While the term “public relations” is often associated with big international events like black-tie galas and celebrities’ social media campaigns, those working in the industry know the reality: a significant part of any PR routine is actually gathering data. 

So part of this first step in the research is knowing and understanding your target audience. This also means knowing where the audience receives information and news and what media they consume. 

Before you start brainstorming about the creative ideas for a successful PR campaign, you have to do the research and carefully consider questions such as:

  • WHO are you trying to conquer with the campaign?
  • WHAT do you want the audiences you reach to do?
  • WHAT are the key messages you want the audiences who are involved in your communications activities to take away?

Many PR experts will tell you that proper research almost guarantees you some surprising findings and new useful insights. You must hold primary research (focus groups, surveys, and interviews—

the most expensive) and secondary research (Internet/social media research, literature reviews, and fact-finding) in order to find real data that will help you find true answers to the questions above.

#2 Planning

In the planning stage, you have to focus on the best ways to find a solution to the communication problem or PR goal. Goals and objectives are created in this phase.
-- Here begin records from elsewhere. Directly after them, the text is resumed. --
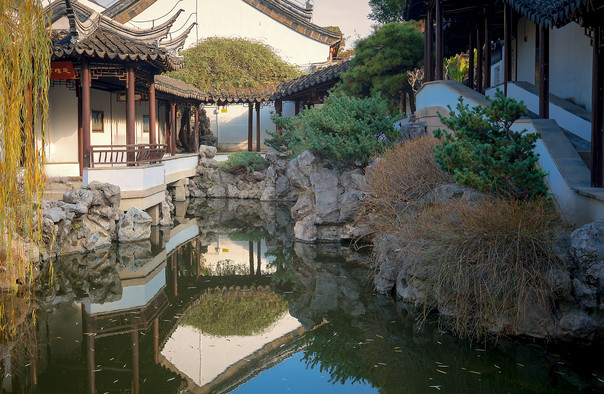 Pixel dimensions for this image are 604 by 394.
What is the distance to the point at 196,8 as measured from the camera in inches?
1135

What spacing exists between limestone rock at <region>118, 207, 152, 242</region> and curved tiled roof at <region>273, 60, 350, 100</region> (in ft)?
33.0

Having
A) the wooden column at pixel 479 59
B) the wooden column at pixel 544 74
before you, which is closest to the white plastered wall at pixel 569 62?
the wooden column at pixel 479 59

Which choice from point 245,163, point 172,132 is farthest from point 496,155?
point 172,132

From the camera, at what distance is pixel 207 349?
608 cm

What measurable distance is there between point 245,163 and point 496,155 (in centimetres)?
1368

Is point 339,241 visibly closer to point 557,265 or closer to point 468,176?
point 468,176

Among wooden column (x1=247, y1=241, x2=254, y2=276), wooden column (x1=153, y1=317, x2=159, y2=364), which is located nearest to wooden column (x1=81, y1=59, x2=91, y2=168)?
wooden column (x1=247, y1=241, x2=254, y2=276)

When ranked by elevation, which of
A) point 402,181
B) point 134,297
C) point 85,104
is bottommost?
point 134,297

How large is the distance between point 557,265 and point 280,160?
45.6ft

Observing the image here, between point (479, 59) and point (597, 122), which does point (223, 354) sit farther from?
point (479, 59)

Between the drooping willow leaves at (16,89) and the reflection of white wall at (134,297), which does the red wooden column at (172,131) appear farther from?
the drooping willow leaves at (16,89)

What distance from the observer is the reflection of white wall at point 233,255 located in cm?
996

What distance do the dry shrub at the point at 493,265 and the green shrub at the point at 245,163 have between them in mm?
14070

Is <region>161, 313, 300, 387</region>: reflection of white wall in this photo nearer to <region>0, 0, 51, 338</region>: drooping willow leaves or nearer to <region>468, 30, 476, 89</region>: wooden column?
<region>0, 0, 51, 338</region>: drooping willow leaves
Your objectives have to be SMART:

  • Specific
  • Measurable 
  • Achievable 
  • Realistic 
  • Timely 

These features will help you create and evaluate the implementation. 

No matter what is the goal of your public relations plan is—whether it’s raising awareness for a cause or increasing attendance to an event—carefully defining these five elements will provide the roadmap your plan needs to be successful:

Goal

Goals are broad, long-term declarations that often attempt to capture a future state of being for a brand.

Example: To become the state leader in your industry

Public

A company’s publics are the key groups of people who have a stake in that organization.

Example: Shareholders, customers, employees

Objectives

Objectives are shorter-term statements than goals and help to clearly define the attitude shift or behavior change you’d like to reach from one of the given audiences defined above. Objectives should have SMART features—being specific, measurable, achievable, realistic and time-specific.

Example: To increase downloads of agency’s guide by 10% by the end of the year

Strategies

Strategies detail how to achieve your objectives.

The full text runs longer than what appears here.